S/he obviously didn’t read the post in question, let alone the rest of the blog, or s/he would know that I’ve dieted my ass off, quite literally. And s/he obviously didn’t read the comments, where I talked about eating fucking vinegar and lettuce. Or the numerous posts and entire “yoga” category where I talk in great detail about how much and what kind of exercise I get. And s/he obviously didn’t notice that the majority of my commenters have also dieted repeatedly.

But thank the Flying Spaghetti Monster njnjnj came along to tell us what’s what! I had NO IDEA I’m fat because I’m too lazy to get unfat, and if I just ate less and exercised, I would become thin and healthy — the latter of which I clearly am not right now, what with the fat. And this… fat movement thing! It’s a pack of lies! I’ve been misleading you all!

Especially the part where I talk about “health concerns” being driven by hateful, ignorant stereotypes of fat people. I’m definitely lying about that.

I AM SO SORRY.

Posted in Fat

43 thoughts on “Douchehound of the Day

  1. Question: How does one “right a post.” Is it a post gone wrong? Is it hanging out with the “wrong friends”? Perhaps an intervention is needed? We could all gang up on the post and shuffle it off quietly to rehab…?

    All these years I’ve been fat if I’d only know that eating right and exercising is all takes!! If I’d only known! I’ve grown fond of the clothes at Lane Bryant, I don’t think I could give them up!

    And is the “just say NO to _____” good advice for alcoholics, drug addicts, sex-a-holics, ad infinitum also appropriate?

    Of course, Ms. nnnjjjn (??) must be an expert on obesity having been obese herself for so many years, yes?

    People are thoughtless and cruel. Shame on you nnnjjjnnn whatever.

    Jules

  2. Why do I get the feeling sometimes that trolls Google “fat” everyday like they do “rape,” read only the headline on the post, and then proceed to spew away?

  3. Okay, zie got me. I haven’t made “lifestyle changes”. I don’t want to lose weight. I’m fat. I’ve been fat ever since I was a teenager. I’ll probably die fat.

    I’m also not depressed or guilty about any of this. Occasionally I’m annoyed by the rigmarole required to obtain clothes, but that only lasts about an hour, max. Then I’m home from the shops, and it doesn’t bother me any more.

    So, my question is, when did *my* weight become *zir* problem?

    [PS: Before the trolls start, I'm Australian, living in Australia. No matter how far-reaching the US health system is, I doubt it's paying my Medicare costs.]

  4. I’ve grown fond of the clothes at Lane Bryant, I don’t think I could give them up!

    LOL. Yeah, until a straight-sized store starts making Right Fit jeans, I wouldn’t want to risk getting thin again.
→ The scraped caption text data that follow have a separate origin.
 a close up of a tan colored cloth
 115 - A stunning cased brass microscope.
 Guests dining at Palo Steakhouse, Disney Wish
  5. The whole “I know all these people who used to be fat but since they started devoting their entire lives to exercise they’re healthy” shit really chaps my hide. How much exercise should a person really commit themselves to? Seriously. When I was trying to lose weight and exercising regularly, I would read Self and Shape and whatnot. The women in their “success stories” sections would invariably be engaged in about two hours of concentrated workouts every day and more on weekends. It’s just not reasonable.

  6. You know what’s crazy Meg T? Medicare isn’t really paying for too many of our medical costs, either.
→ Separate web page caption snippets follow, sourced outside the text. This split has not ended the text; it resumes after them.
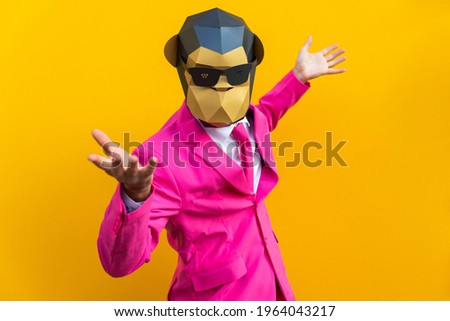 Happy man with funny low poly mask on colored background - Creative conceptual idea for advertising,adult with low-poly origami paper mask doing funny poses Foto stock © 
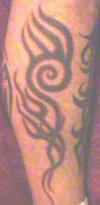 Tribal on outside right calf w/ added red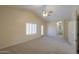 Bright bonus room with neutral carpet, vaulted ceiling, plantation shutters, and convenient access to other rooms at 1980 N Santa Fe Ct, Casa Grande, AZ 85122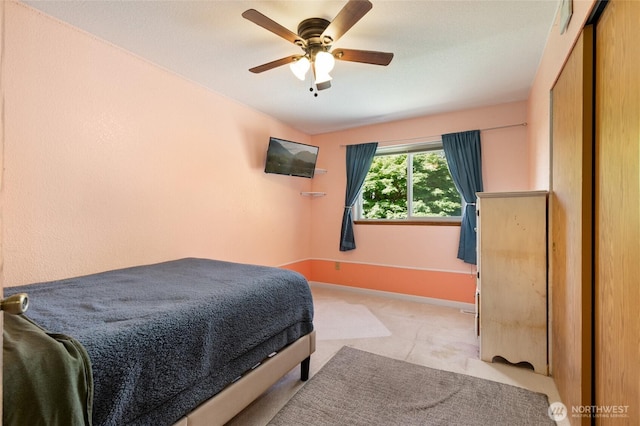 bedroom with ceiling fan, baseboards, light carpet, and a closet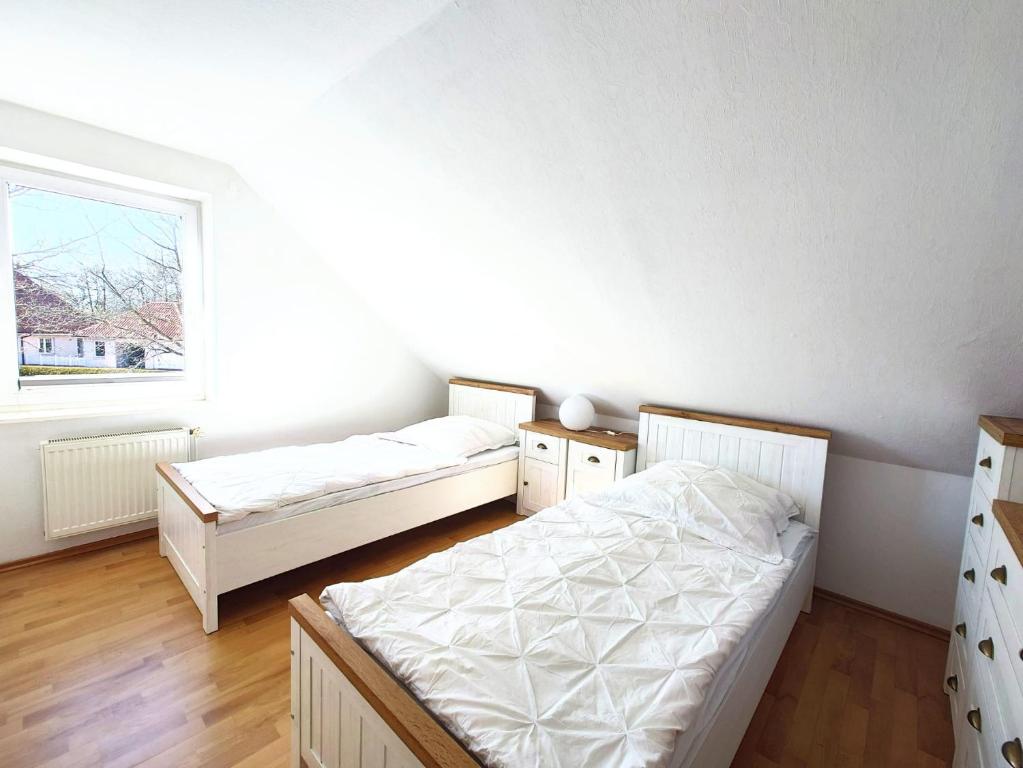Postel nebo postele na pokoji v ubytování Ferienhaus Pfauenblick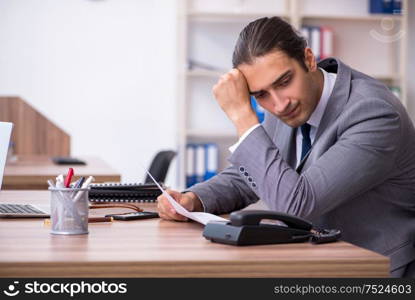 The unhappy male businessman in the office. Unhappy male businessman in the office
    I am SO SICK of ASSHOLES saying “I don’t want to pay for some one elses medical care! Why should I have to pay for that?”
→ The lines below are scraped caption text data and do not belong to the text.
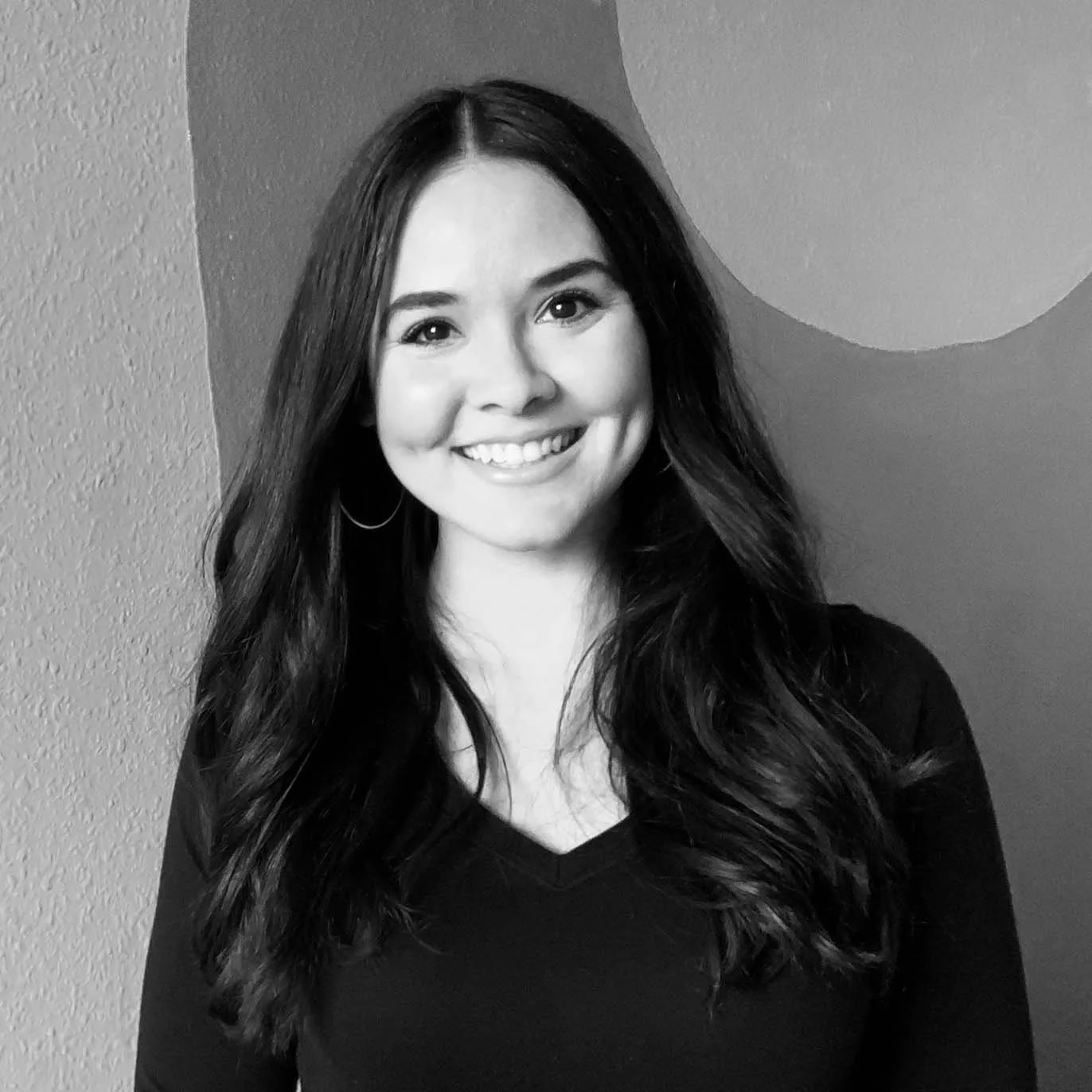 A young woman with long dark wavy hair smiling and wearing hoop earrings, standing in front of a two-tone wall with a circle design.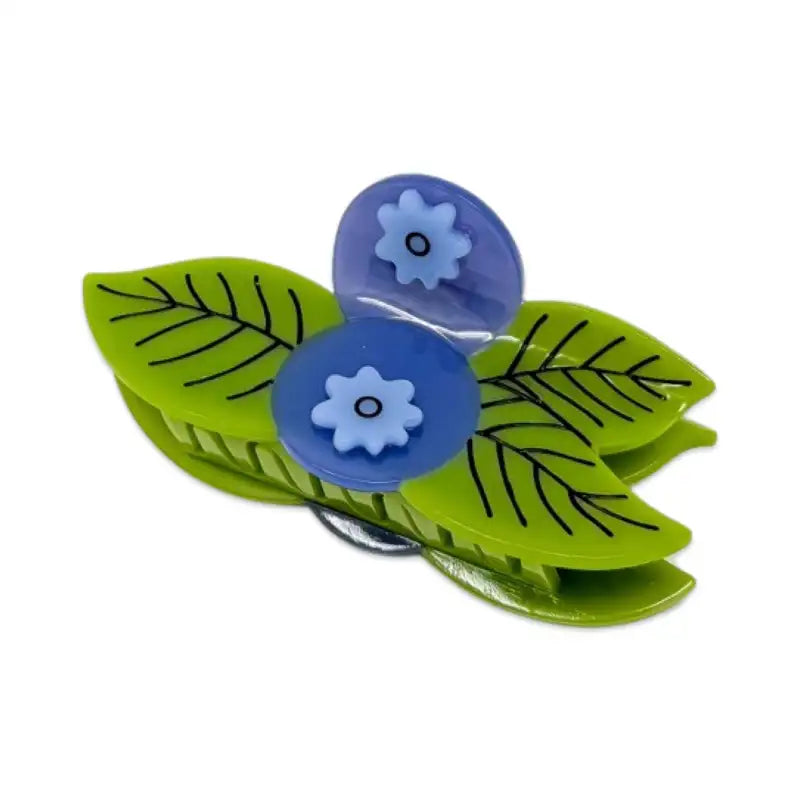 Green leaf-shaped clips with blue flower centers on a white background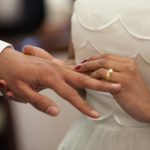 bride putting a ring on grooms hand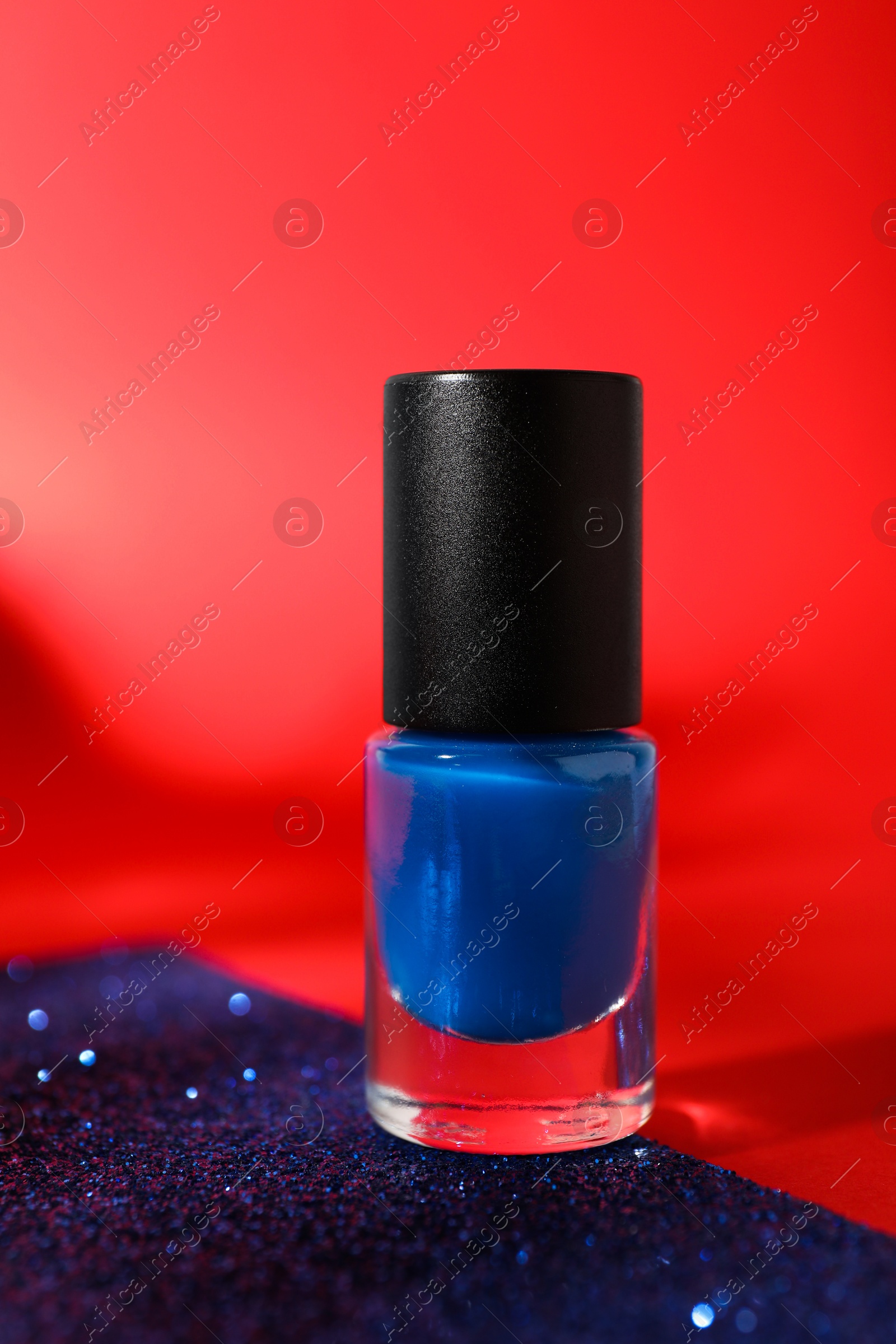 Photo of Blue nail polish in bottle on bright glitter surface against red background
    Why the should any of us have to pay for, oh, I don’t know, police men? I’ve never been in trouble. Why should I have to pay for firemen? MY house has never been on fire! Why should I have to pay for public schools? I don’t have any kids!

    Oh wait, maybe if we all took our heads out of our asses, we’d realize that there are OTHER PEOPLE in this world, and if we all take care of each other, the world is a much happier place.

    .

  7. I think some people in the U.S. have bought into the nutty idea that if everyone got skinny, health care would be cheaper for them.

    Because, you know, there are no possible side effects to serious weight loss — no stress on the vascular system of any kind, no pounding of the joints from the hours-a-day workouts we’re all expected to do if we’re Good Citizens, no osteoporosis from chronic dieting, no running the kidneys ragged from ketosis, none of that. Once we’re thin, if we need to see doctors for anything more than routine checkups before age 85, it will be a total fluke.

    And insurance companies being the philanthropists they are, they will happily kick the savings back to the oh-so-healthy customer in the form of seriously reduced premiums. Yeah. You betcha.

  8. Well, to hopefully counteract the depressing effects of that lousy comment, I thought I’d post for the first time. I’ve been reading your blog for two weeks now, and as enlightened as I thought I was before that, it’s blown my comfortable smug little worldview to pieces. Truly. I’m not a person who would be called fat by any reasonable person, but neither do I have a body which conforms in shape to typical ideals of beauty. (Muscular legs are, I’ve discovered, an insult to fashionistas.) I got panicky and lost a bit of weight early this year, having got out of my good exercise habits and put a bit on. And that’s fine, but I’m buggered if I’m going to keep up the five 90min gym workouts a week/1600 calories a day diet that got me there. I walk a bit, I gym, I swim, I eat 2000ish calories, but I won’t count any longer.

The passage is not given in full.